Tripodi could feel the demanding pace of the school. The schedule is tight and there’s homework every day. “We’re doing four semesters of Global History in one year,” he said. “Everything is fast.” But he’s stepping up to the challenge. “If you work to keep up, then you will keep up,” he said.
School Principal Yusuf Muhammad is emphasizing the Common Core. “Everything we do aligns with the standards of New York State. There’s no going around that,” he said. This year, the school will do six Common Core assessments to see how the students are doing before the state tests in June.
“I know there is the perception that CTE schools are not as rigorous,” Muhammad said. “But if you have to prepare kids for college in three years, you have to be rigorous.”
According to Muhammad an educational nonprofit, the National Academy Foundation (NAF), helped to develop part of its CTE curriculum, so that it’s Common Core aligned. “Common Core heavy emphasis is on skills so it’s a lot easier for our school,” he said. “You can apply so much of the general education learning in the CTE courses.”
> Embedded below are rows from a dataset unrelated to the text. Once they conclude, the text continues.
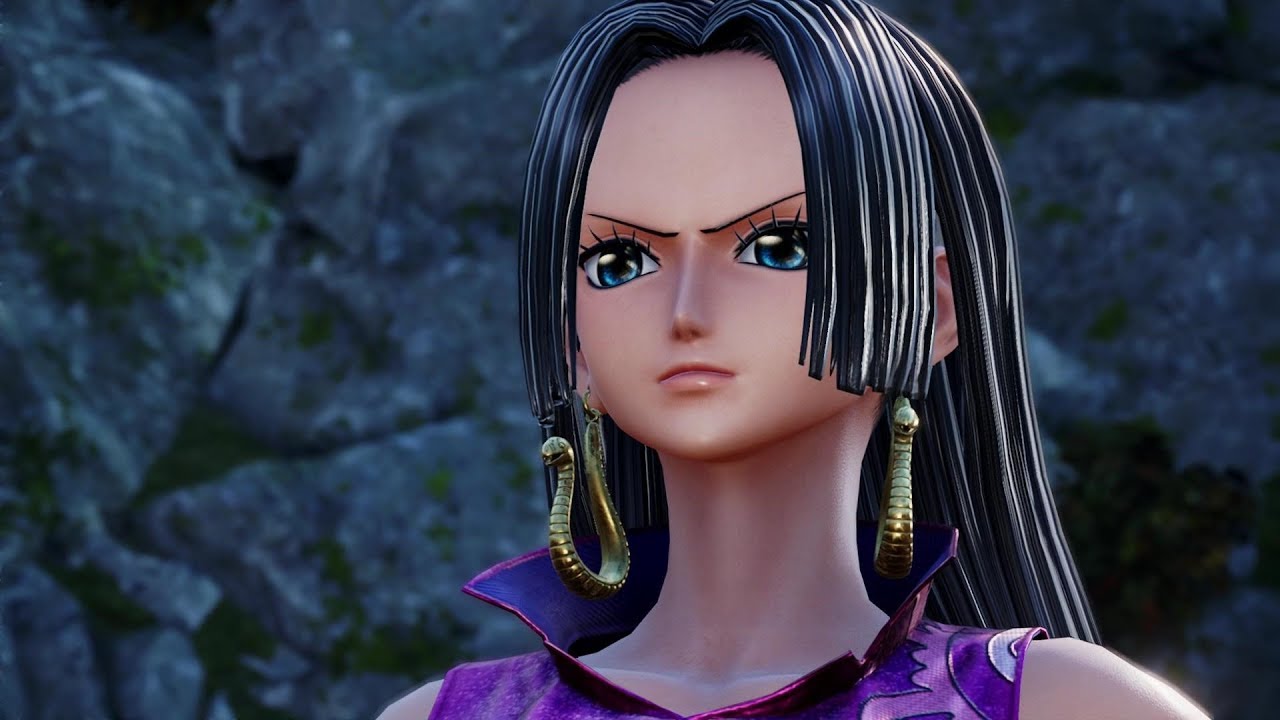 Jump Force : Boa Hancock All Unique Dialogue Interactions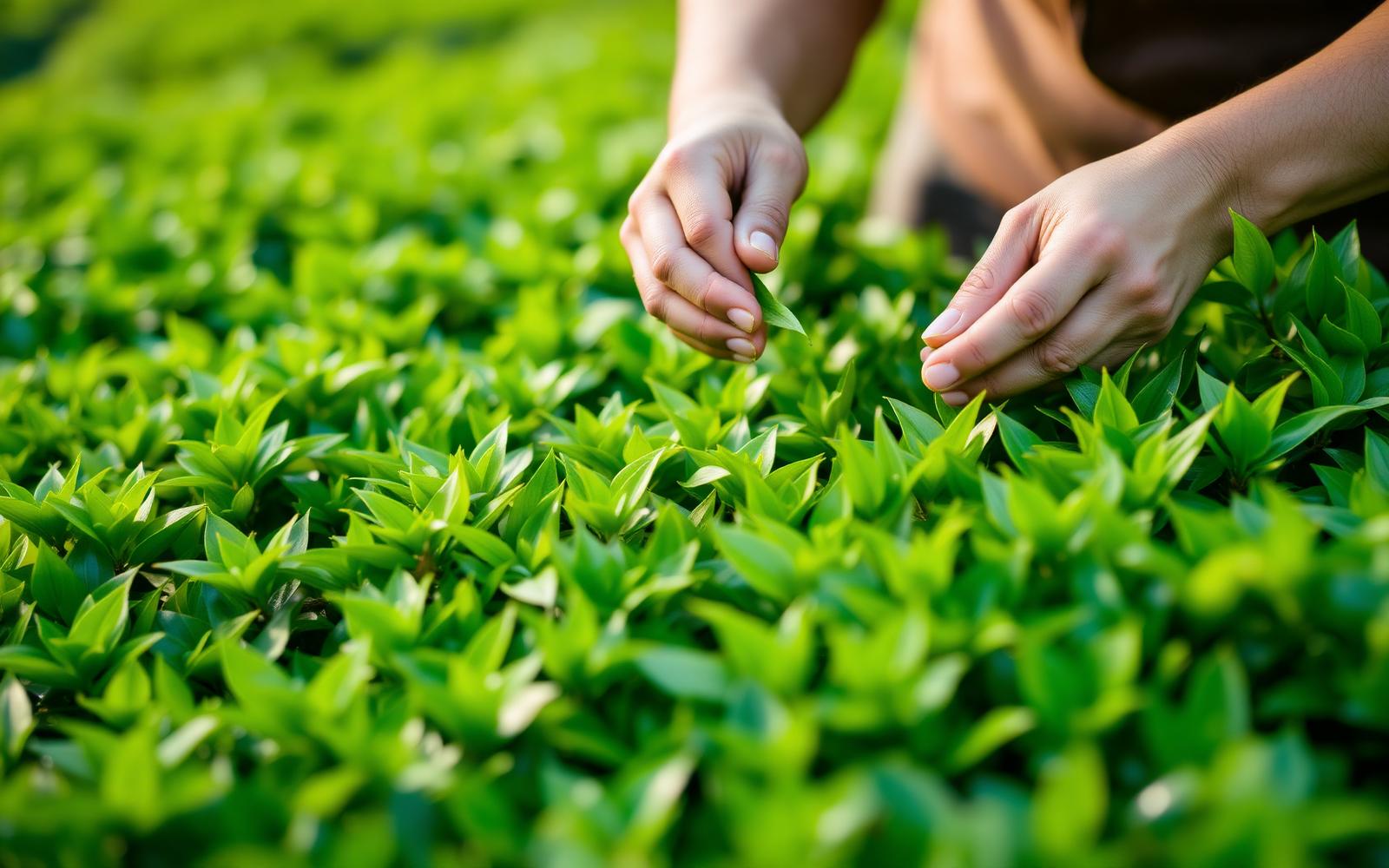 Plantation scene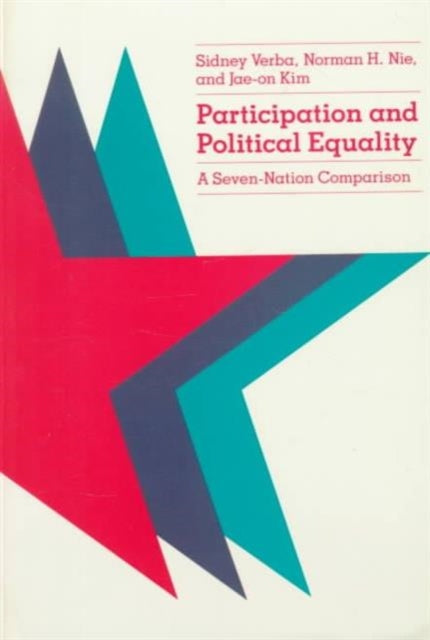 Book cover of: Participation and Political Equality
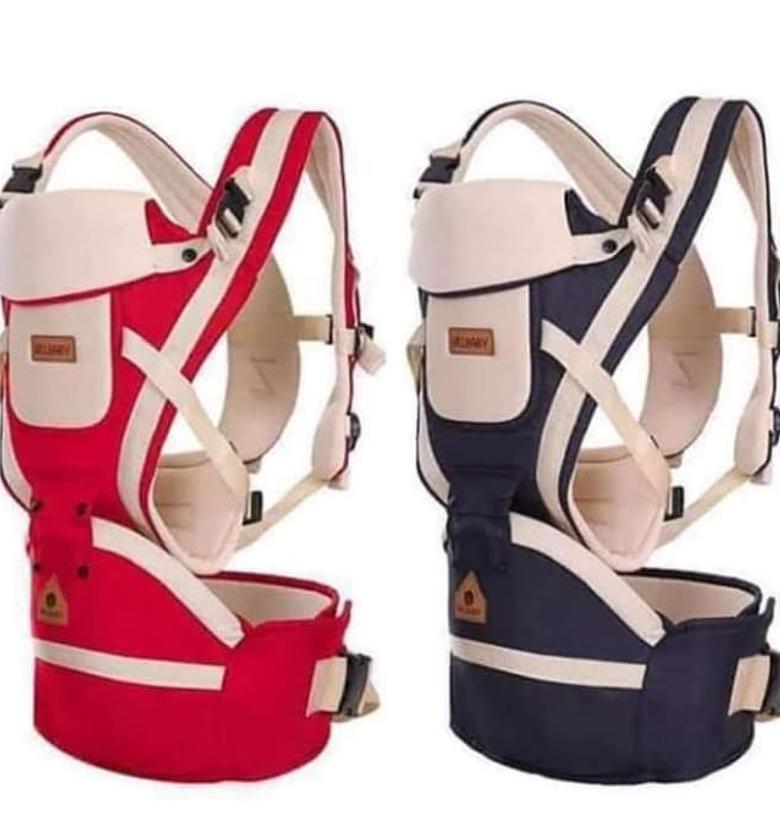 Baby Carrier. Breathable Hipseat Baby Carrier (upto 18kgs) image
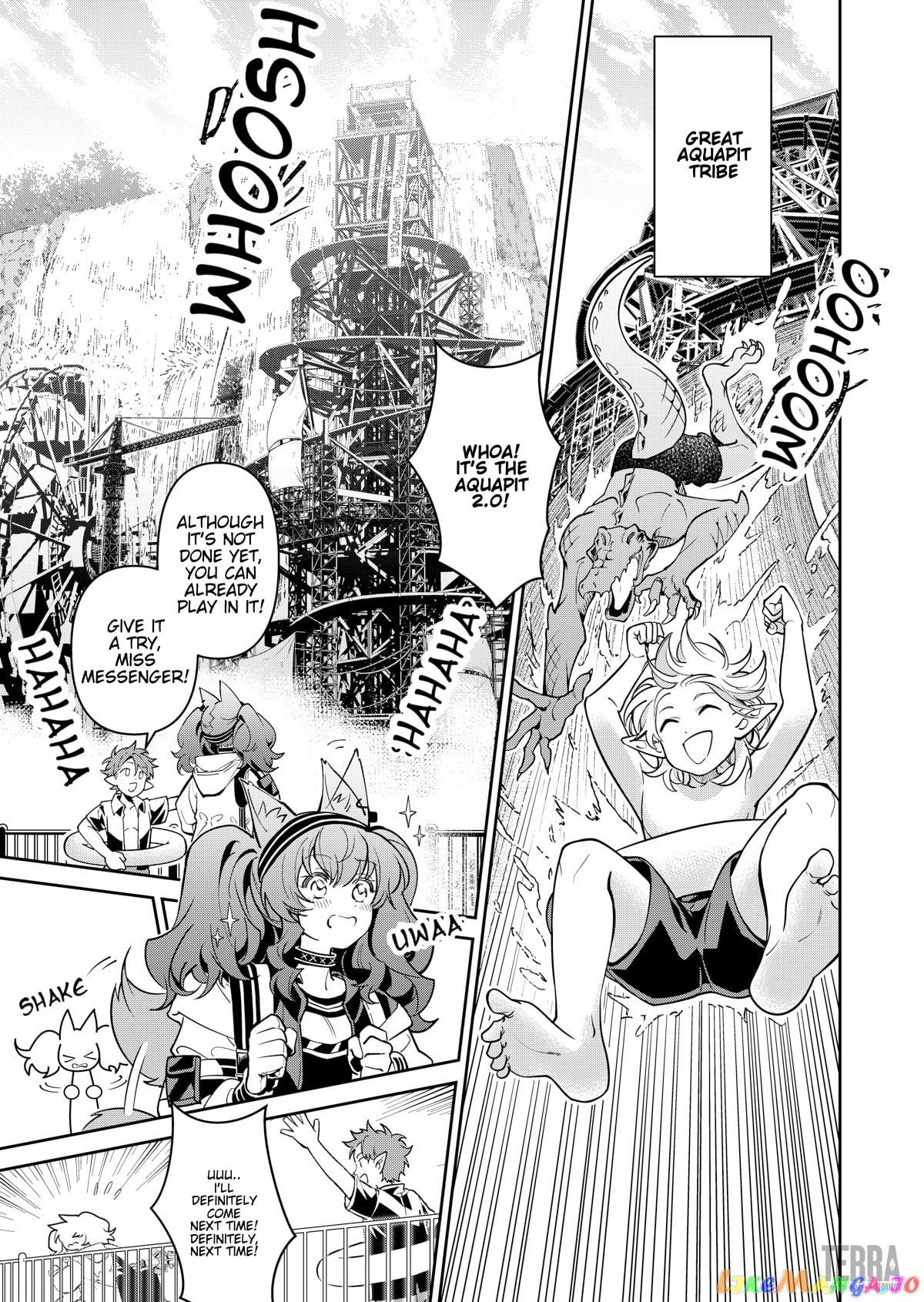 Angelina – Sketches Of This Messenger’s Journey chapter 1 - page 10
Certified and Ready for Work
April McKoy was nervous about the idea of a new CTE school. Growing up in the ’80s in New York, she remembered CTEs as a place for struggling minority students. “They were just thrown in there,” she said. But in the end, backed by Urban Assembly school network, she wrote a proposal to DOE for a CTE technology school. “[A school] I would want my own son to attend,” she said.
She became a principal at Midtown Manhattan’s Gateway School for Technology, 1 of 20 schools in the Urban Assembly Network.
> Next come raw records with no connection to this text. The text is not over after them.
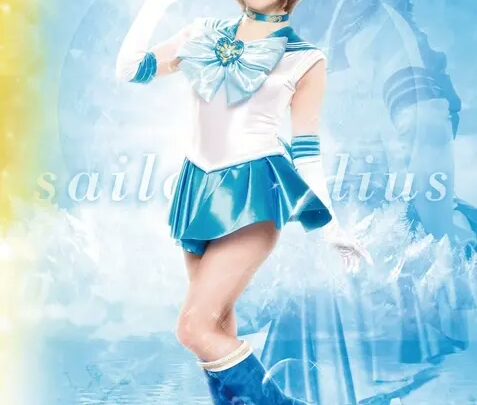 Screenshot 1 aus GHLS-72 Ichijo Mio: Schöne Kriegerin Sailor Mercury, Der Stern des Färbens von Wasser, Regie: Ichijo Mio, Stiefel, GIGA (GIGA)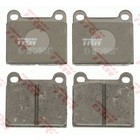 Колодки тормозные TRW GDB101 3151547 - фото 69591
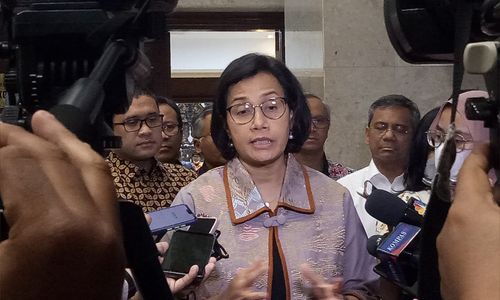 Menkeu Sri Mulyani Indrawati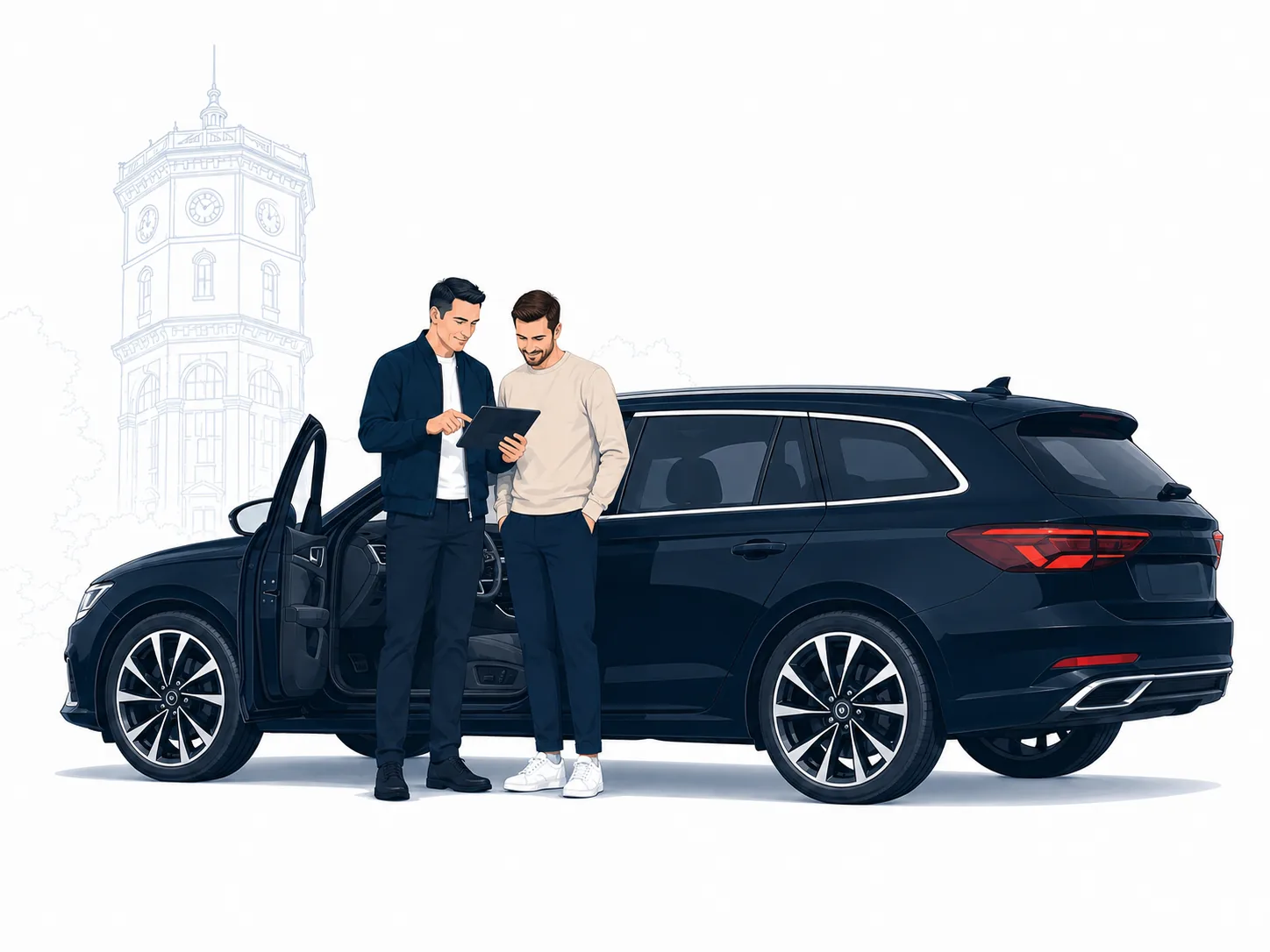 Підбір автомобіля у Вінниці - робота автоексперта з клієнтом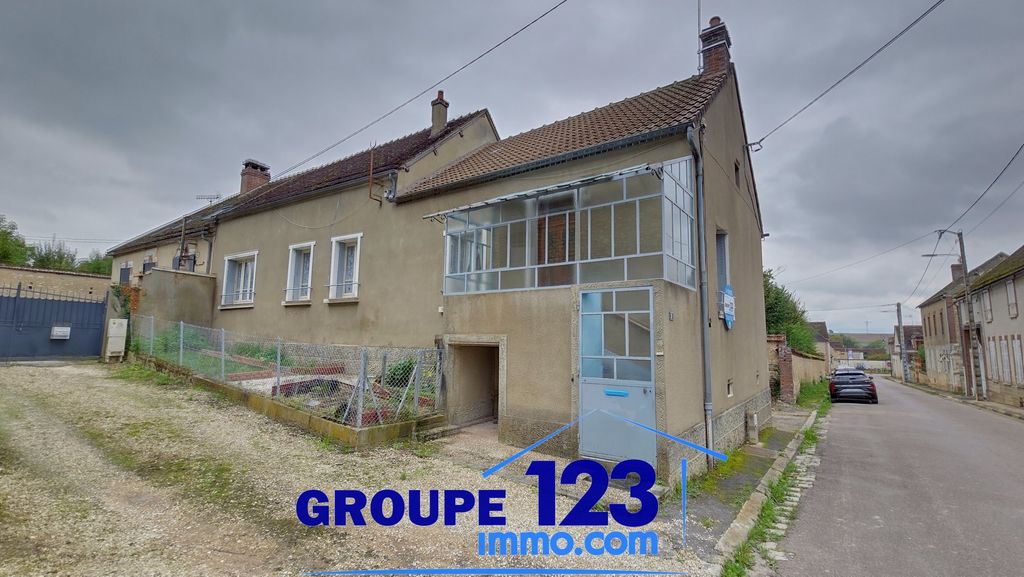 Achat maison à vendre 4 chambres 131 m² - Charbuy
Currently in its third year, the school has 389 students and committed to its small school model, it plans to limit the number to less than 500.
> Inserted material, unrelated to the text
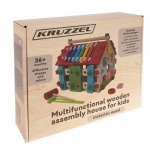 Дървена къща с активни занимания 4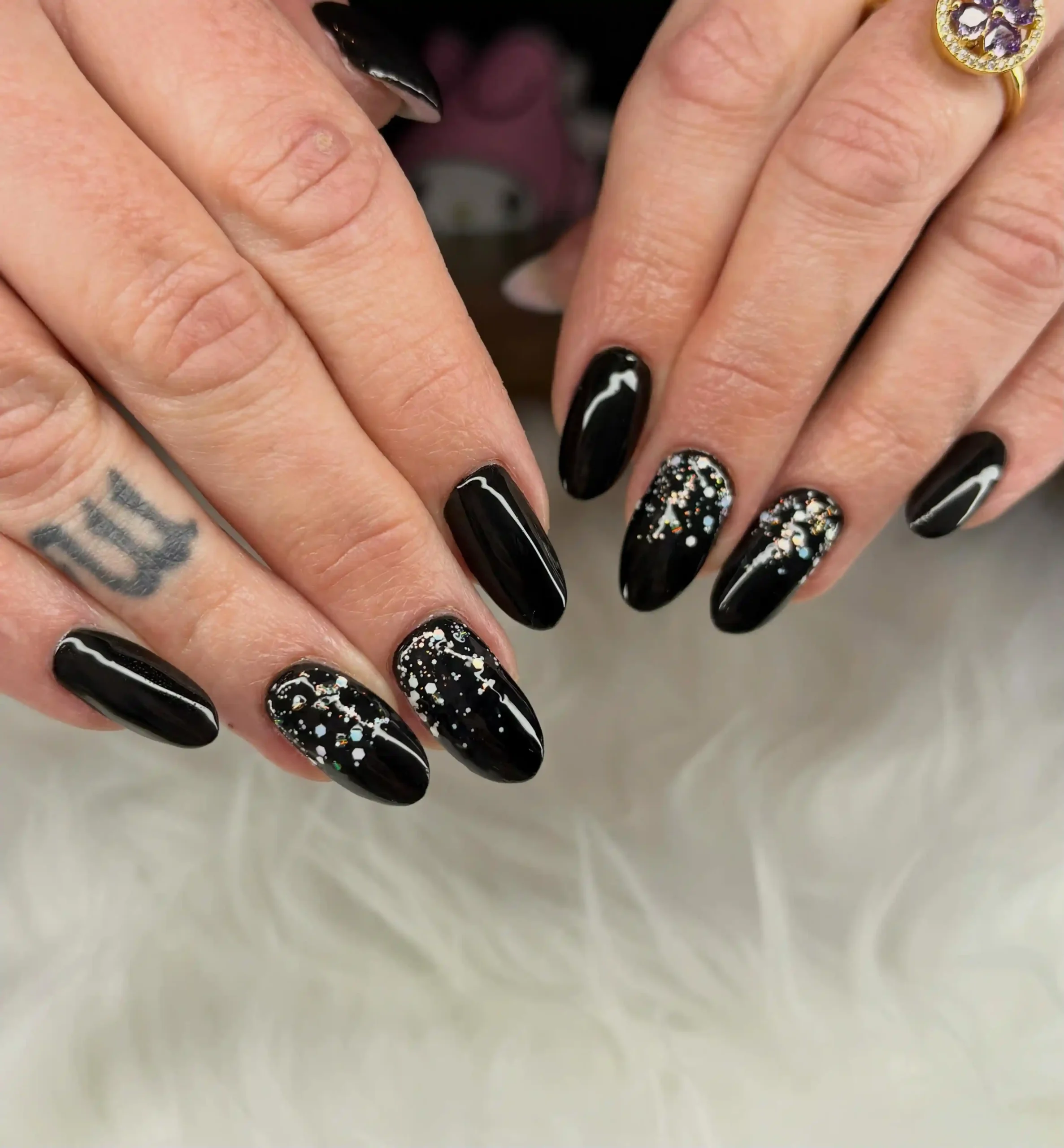 19 Black Nails Ideas Everyone Shoud Try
Before the start of a school year, school administrators visit families of every freshman to learn about the students, explain what students can expect, and allow parents to get to know them personally.
After the first year students can choose one of three directions: Digital design and animation, IT and systems, or software engineering.
Kayon Pryce, a CTE graduate himself, teaches IT and systems. After plowing through the theory, students get a chance to build a desktop PC from scratch and also participate in an after-school program called the “Mouse Squad,” helping the teacher fix the school’s computer network.
“I love this school,” said Andre Moona, a 10th-grader in Pryce’s class. By next year he will have his CompTIA A+ Certificate, which will enable him to work as an IT technician. Still he plans to get an IT specialized college degree as well.
Ariel Pearson, in her third year, used Photoshop to create an illusion of a UFO crash site to complete her class assignment. “It’s hard in the beginning,” she said. “But as you learn different tools and different easy ways how to go around it, it’s easy.”
Pearson specializes in design and animation and is working on getting the Adobe Creative Suite certification this year, so she can use her Photoshop skills in the senior year internships. She can also get certified for the Autodesk Maya—animation software that was used for creating the “Avatar” movie.
The software development course concludes with the AP Computer Science Exam, challenging the students’ knowledge of Java and C++ programming languages, among others.
As for the Common Core requirements, McKoy was confident. The Urban Assembly helped the school with adjusting the curriculum, but she said it wasn’t something completely new for the teachers. “It’s been around for quite a while,” she said and praised the Common Core materials for being “laid out really well.”
Instead, for her, maintaining Gateway’s CTE program in the fast paced industry is challenging. “At any point our curriculum can change,” she said, pointing out it “has to be dictated by what’s current.”
Despite the difference in approach, each of the reinvented CTEs shares a focus on business partnerships and preparation for college. “The new model and design of CTE schools is, in my opinion, just more effective and more realistic,” McKoy said. “It’s college and career ready. And what’s better than that?”